Verse 16. - Know no man after the flesh. It is a consequence of my death with Christ that I have done with carnal, superficial, earthly, external judgments according to the appearance, and not according to the heart. Yea, though we have known Christ after the flesh. The word for "know" is different from the one just used (οῖδα, scio; ἔγνωκα, cognovi), and may be rendered, "though we have taken note of." The whole phrase, which has been interpreted in multitudes of different ways, and has led to many different hypotheses, must be understood in accordance with the context. St. Paul is saying that he has now renounced all mere earthly and human judgments; and he here implies that the day has been (whether - which is a very unlikely view - before his conversion, when he looked on Christ as a "deceiver," or just after his conversion, when possibly he may only have known him partially as the Jewish Messiah) when he knew Christ only in this fleshly way; but henceforth he will know him so no more. Probably this "knowing Christ after the flesh" is a rebuke to those members of the Christ party at Corinth who may have boasted that they were superior to all others because they had personally seen or known Christ - a spirit which Christ himself not only discouraged (John 16:7) but even rebuked (Matthew 12:50).

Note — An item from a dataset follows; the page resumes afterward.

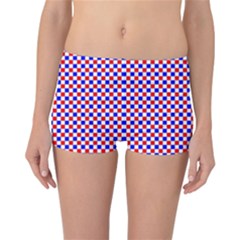 Blue Red Checkered Reversible Bikini Bottoms by Nexatart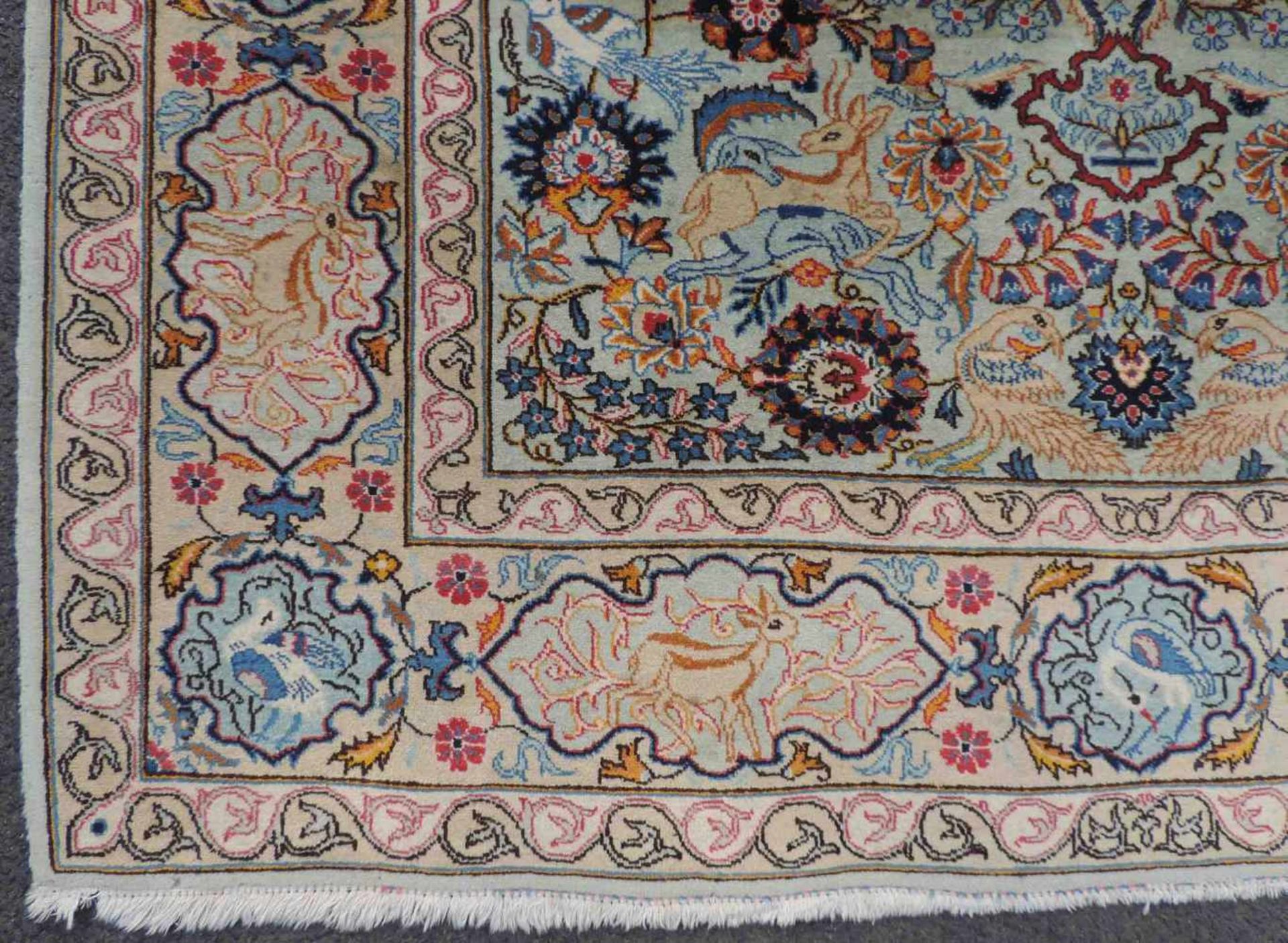 Keschan Perserteppich signiert. Iran. Feine Knüpfung. 210 cm x 144 cm. Orientteppich, - Bild 9 aus 9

To St. Paul Christ is now regarded as far above all local, national, personal, and Jewish limitations, and as the principle of spiritual life in the heart of every Christian. In the view which he took of his Lord St. Paul henceforth has banished all Jewish particularism for gospel catholicity. He regards Christ, not in the light of earthly relationships and conditions, but as the risen, glorified, eternal, universal Saviour. 2 Corinthians 5:16After the flesh (κατὰ σάρκα)

"He who knows no man after the flesh, has, for example, in the case of the Jew, entirely lost sight of his Jewish origin; in that of the rich man, of his riches; in that of the learned of his learning; in that of the slave, of his servitude" (Alford). Compare Galatians 3:28.

Yea though (εἰ καὶ)

Not with a climactic force, as A.V., and not with the emphasis on Christ, but on have known. The proper sense will be brought out in reading by emphasizing have. We know no man henceforth after the flesh: even if we have known Christ after the flesh, yet now, etc. Paul refers to his knowledge of Christ before his conversion, a hearsay knowledge, confined to reports of His personal appearance, His deeds, His relations to the Jews, His alleged crime and punishment. When the glorified Christ first spoke to him out of heaven, he asked, "Who art thou?" Compare to reveal His Son in me, Galatians 1:16.